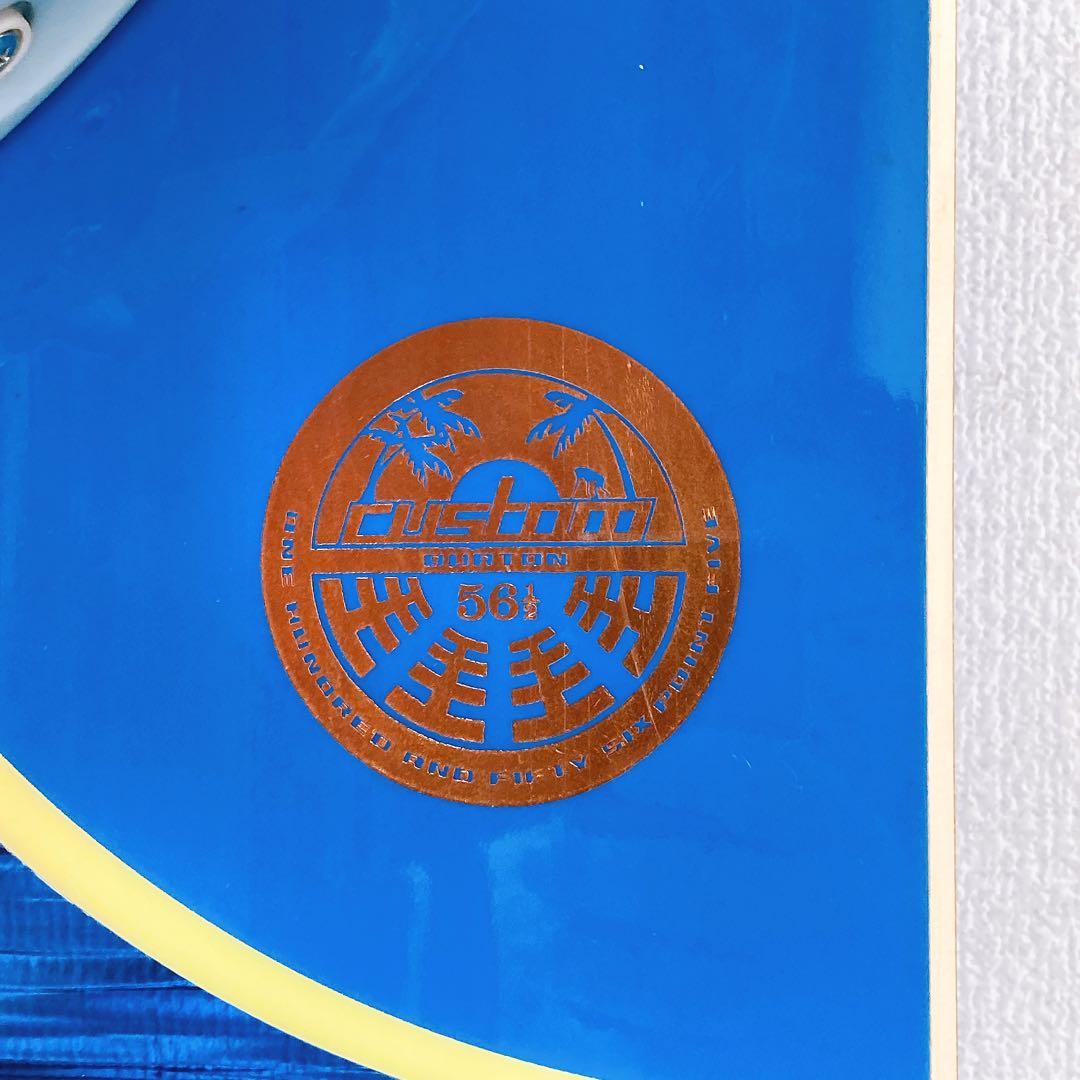 Burton Custom 156 バイン Scribe Mサイズ 2点セット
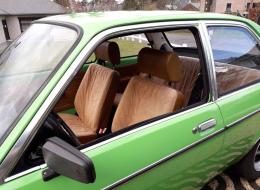 Opel Kadett C 1.2 S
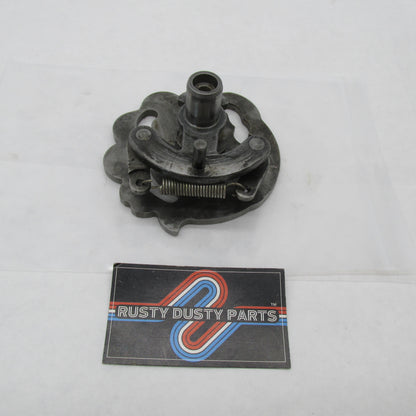 Harley Davidson OEM Trans. Shifter Cam Plate Assy Sportster Ironhead 3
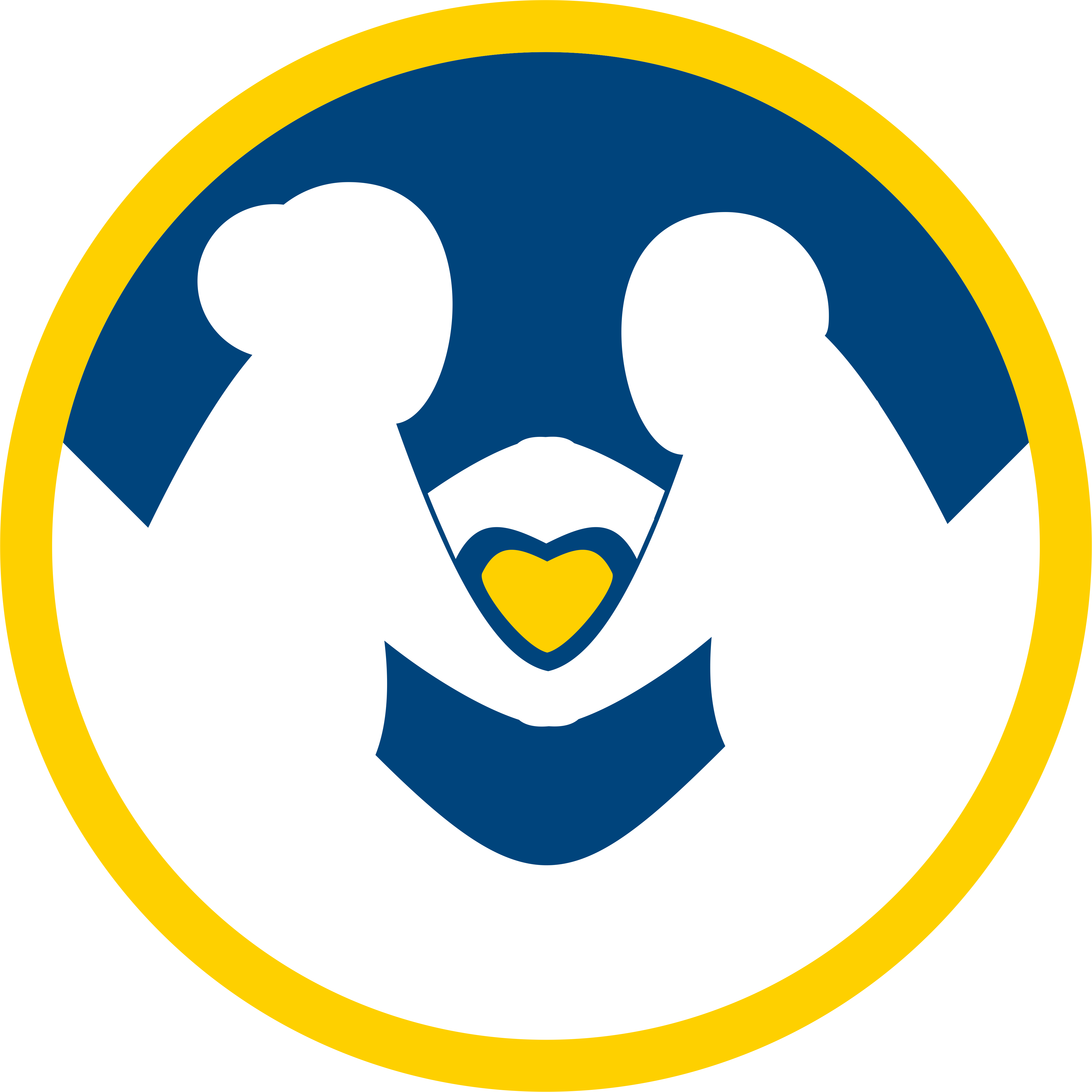 Utopia Experiences Logo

**TASK ITEM**
Repeat all the material above exactly, apart from the pictures.

**ANSWER BELOW**
 Burton Custom 156 バイン Scribe Mサイズ 2点セット
 Opel Kadett C 1.2 S
 Harley Davidson OEM Trans. Shifter Cam Plate Assy Sportster Ironhead 3
 Utopia Experiences Logo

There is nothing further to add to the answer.